Our Israel

Day three of Israel’s war against Hamas: No room for any more complacency

With every passing hour since hundreds of Hamas gunmen burst across the Gaza border on Saturday morning, Prime Minister Benjamin Netanyahu’s warning to Israelis that we face “difficult days ahead” has acquired ever greater resonance.

1. Complacency: Comparisons with the failures that preceded the Yom Kippur War 50 years ago, invoked immediately after the sirens rang out early on Saturday morning, have become not only unavoidable but, in many respects, a matter of understatement.

As in 1973, Israel underestimated and misread its enemies — not the conventional forces of the Arab armies this time, but the terrorists of Gaza, supported by the state sponsor of terrorism Iran.

Israel convinced itself that Hamas’s overt preparations for war — its training of gunmen, its construction of underground tunnels, its subversion of all potential materials for the manufacture of weapons, the improvement and testing of its rockets and its drones, its preparations for infiltration by sea and via hang gliders, its deployment of explosive devices at the border fence, and more — did not herald what they patently heralded and what has now come to pass: a massive cross-border attack designed to kill vast numbers of Israelis, take control of areas of southern Israel close to the border, and abduct Israelis into Gaza.

All the signs were there, in plain sight; they were ignored.

2. Belated response: The Hamas invasion left the IDF unimaginably hamstrung.

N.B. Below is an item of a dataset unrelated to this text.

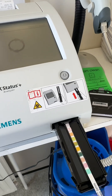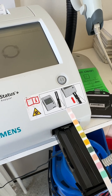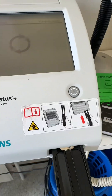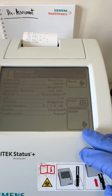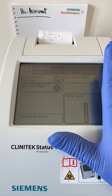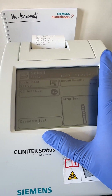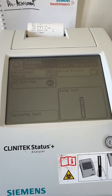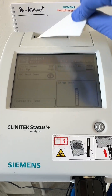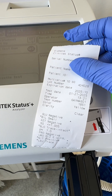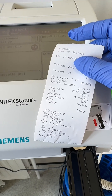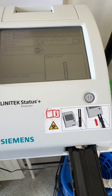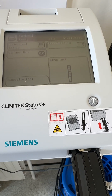While the result is printing, remove the strip and dispose of it in your orange sharps or offensive waste bin, as this is similar to a quality control test. Press Done. The machine can save up to 700 tests before needing recalibration — it's first-in-first-out. The result prints on thermal paper, which will degrade over time, so make sure you photocopy it and place the photocopy in your patient's notes under the investigations folder.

The painstakingly constructed, sophisticated Israel-Gaza border fence, designed with a high focus on preventing Gaza’s terrorists from tunneling into Israel, was simply blown up at multiple locations, and hundreds of gunmen poured into Israel.

Amid the simultaneous vast rocket barrages at south and central Israel, and the targeting of IDF bases in the border area, notably including the IDF’s nearby divisional headquarters, it then took the army unthinkably long to internalize what was unfolding and begin to respond.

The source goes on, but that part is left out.